What needs to be done: Everything from the line holding "Продам Hyundai Sonata" through the end of the records should be printed exactly, apart from the pictures.

Data shown:

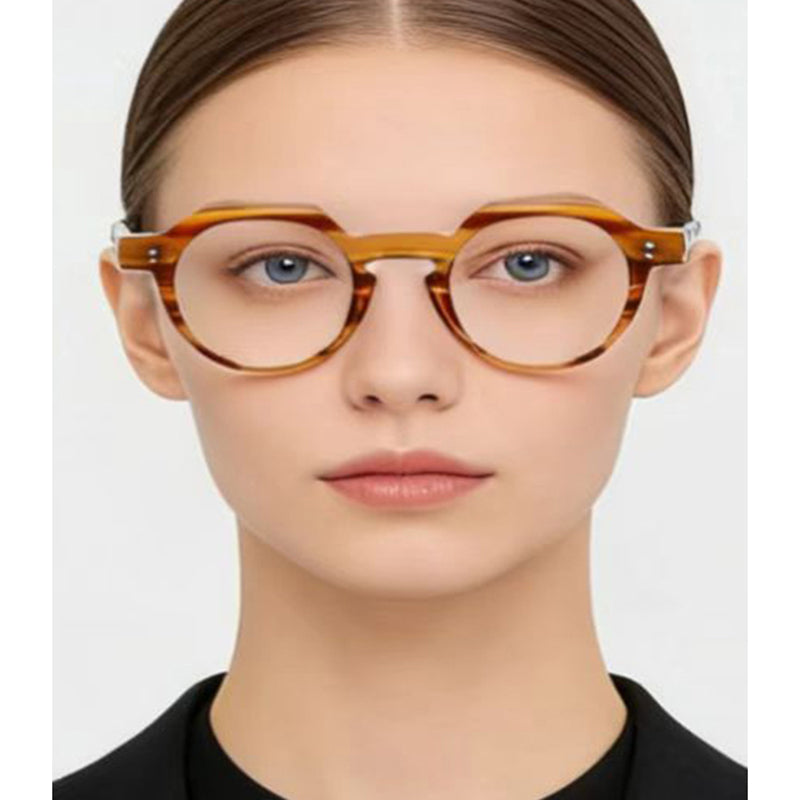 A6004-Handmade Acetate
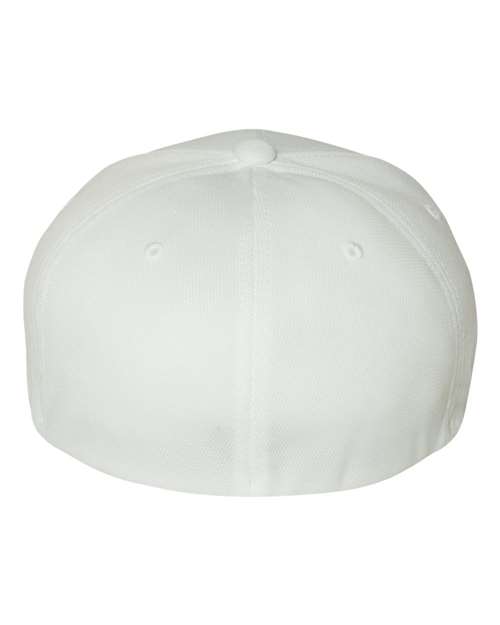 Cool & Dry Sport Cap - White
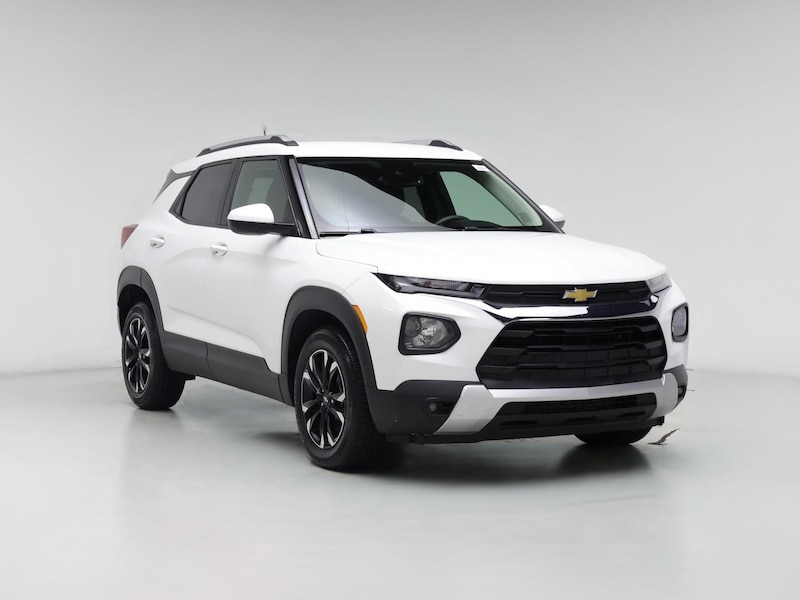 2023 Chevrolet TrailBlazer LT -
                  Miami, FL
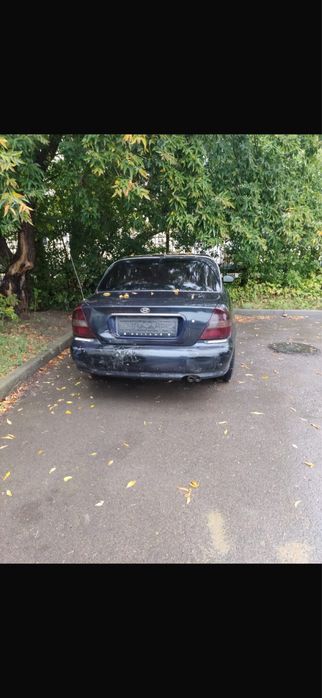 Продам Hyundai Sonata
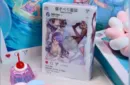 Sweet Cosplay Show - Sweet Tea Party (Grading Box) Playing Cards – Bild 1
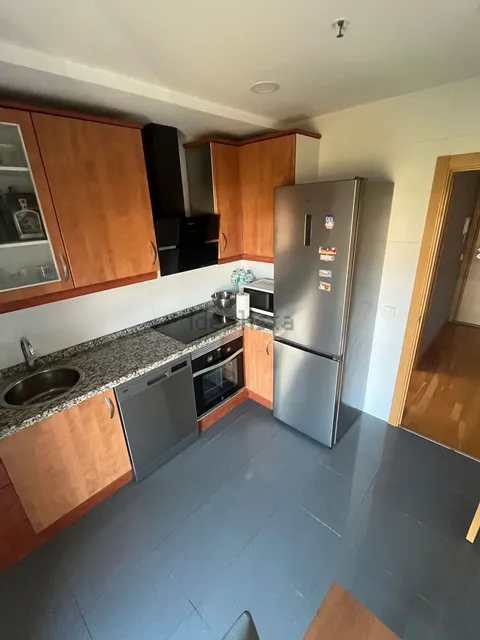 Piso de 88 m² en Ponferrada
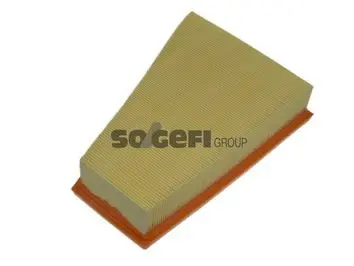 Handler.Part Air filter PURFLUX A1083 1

Reply to the exercise:
 Продам Hyundai Sonata
 Sweet Cosplay Show - Sweet Tea Party (Grading Box) Playing Cards – Bild 1
 Piso de 88 m² en Ponferrada
 Handler.Part Air filter PURFLUX A1083 1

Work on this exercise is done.